▶ Provided material:
· · · · ·
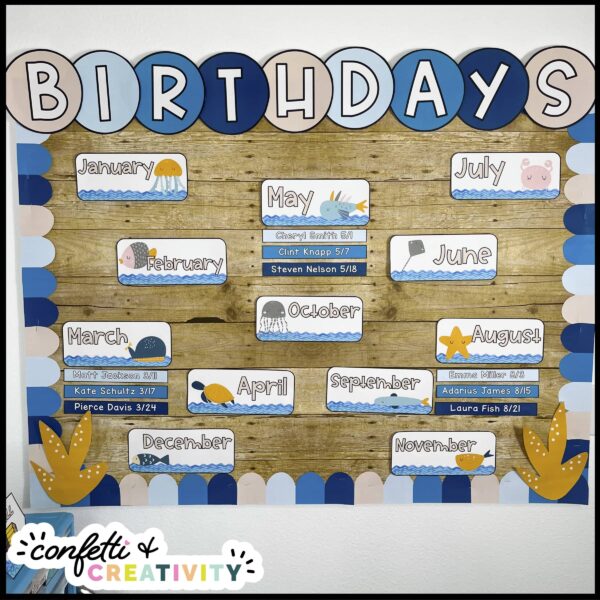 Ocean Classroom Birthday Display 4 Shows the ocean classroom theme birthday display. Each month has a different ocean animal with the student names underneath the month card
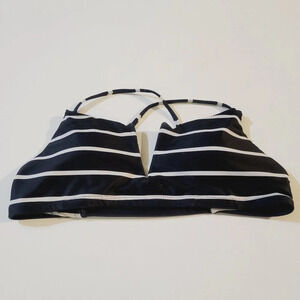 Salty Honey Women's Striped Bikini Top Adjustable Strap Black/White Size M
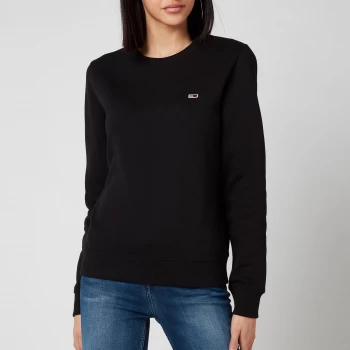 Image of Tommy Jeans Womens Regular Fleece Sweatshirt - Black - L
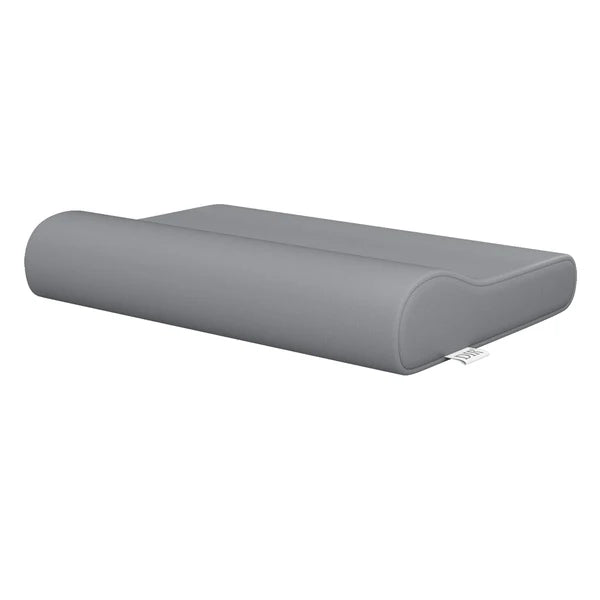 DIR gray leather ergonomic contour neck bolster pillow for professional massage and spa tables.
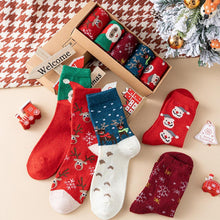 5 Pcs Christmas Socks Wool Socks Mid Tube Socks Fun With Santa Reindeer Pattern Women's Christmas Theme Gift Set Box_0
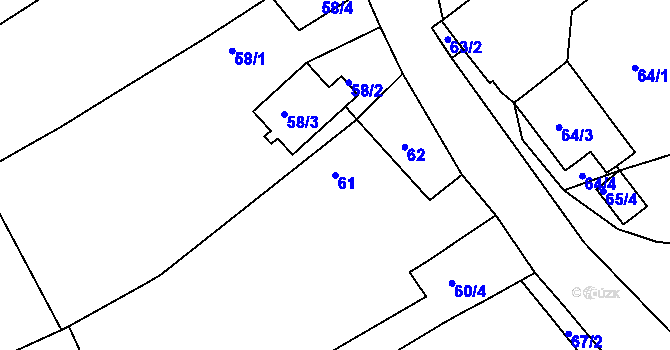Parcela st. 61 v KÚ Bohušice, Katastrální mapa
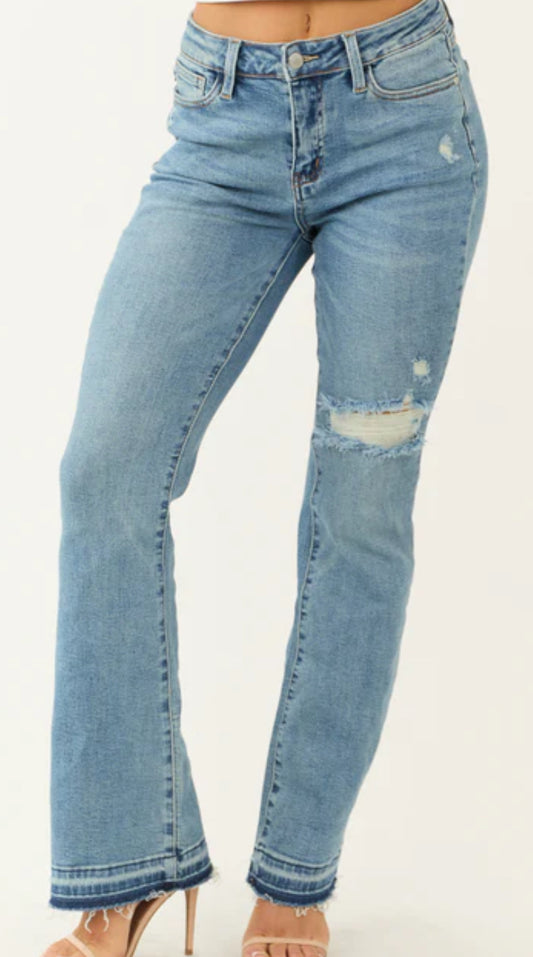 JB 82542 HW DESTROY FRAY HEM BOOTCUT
· · · · ·
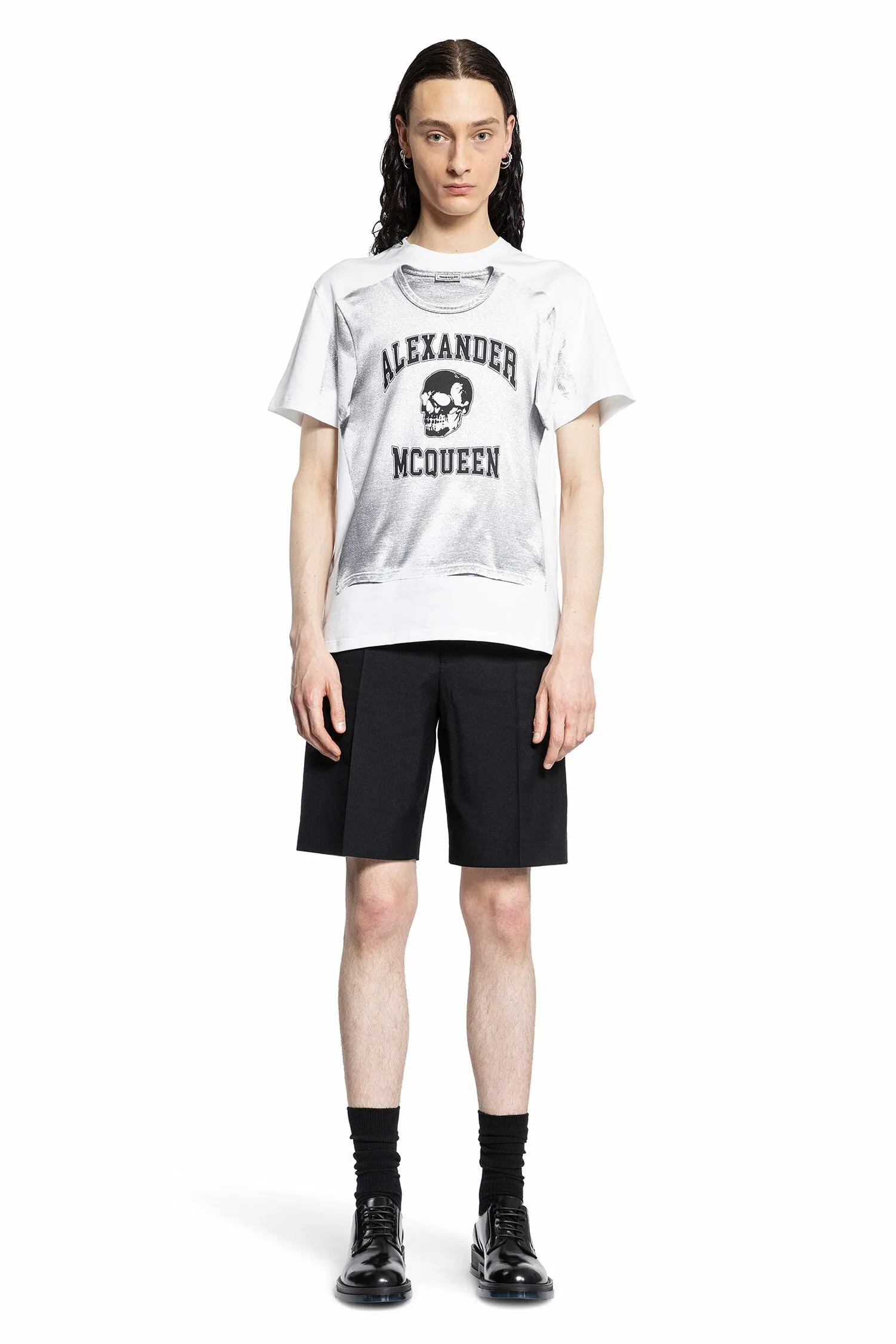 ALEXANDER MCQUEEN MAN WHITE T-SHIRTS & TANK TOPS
· · · · ·
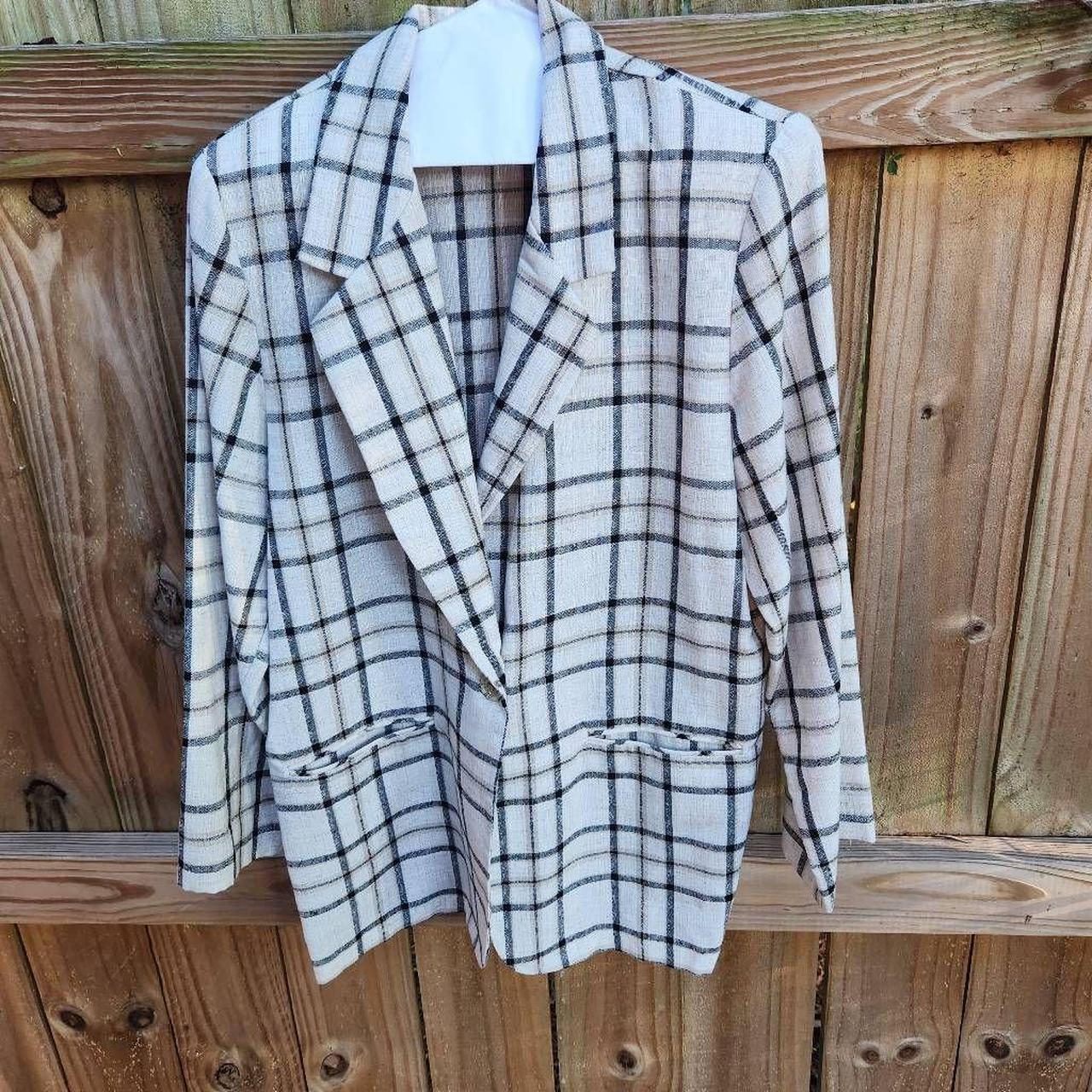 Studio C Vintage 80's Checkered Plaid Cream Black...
· · · · ·
▶ Exercise brief:
Go to the line above that has "Image of Tommy" and copy exactly from there down to the line that has "JB 82542 HW DESTROY FRAY HEM BOOTCUT", both included. Leave the pictures out.

▶ Response to the task:
 Image of Tommy Jeans Womens Regular Fleece Sweatshirt - Black - L
 DIR gray leather ergonomic contour neck bolster pillow for professional massage and spa tables.
 5 Pcs Christmas Socks Wool Socks Mid Tube Socks Fun With Santa Reindeer Pattern Women's Christmas Theme Gift Set Box_0
Parcela st. 61 v KÚ Bohušice, Katastrální mapa
 JB 82542 HW DESTROY FRAY HEM BOOTCUT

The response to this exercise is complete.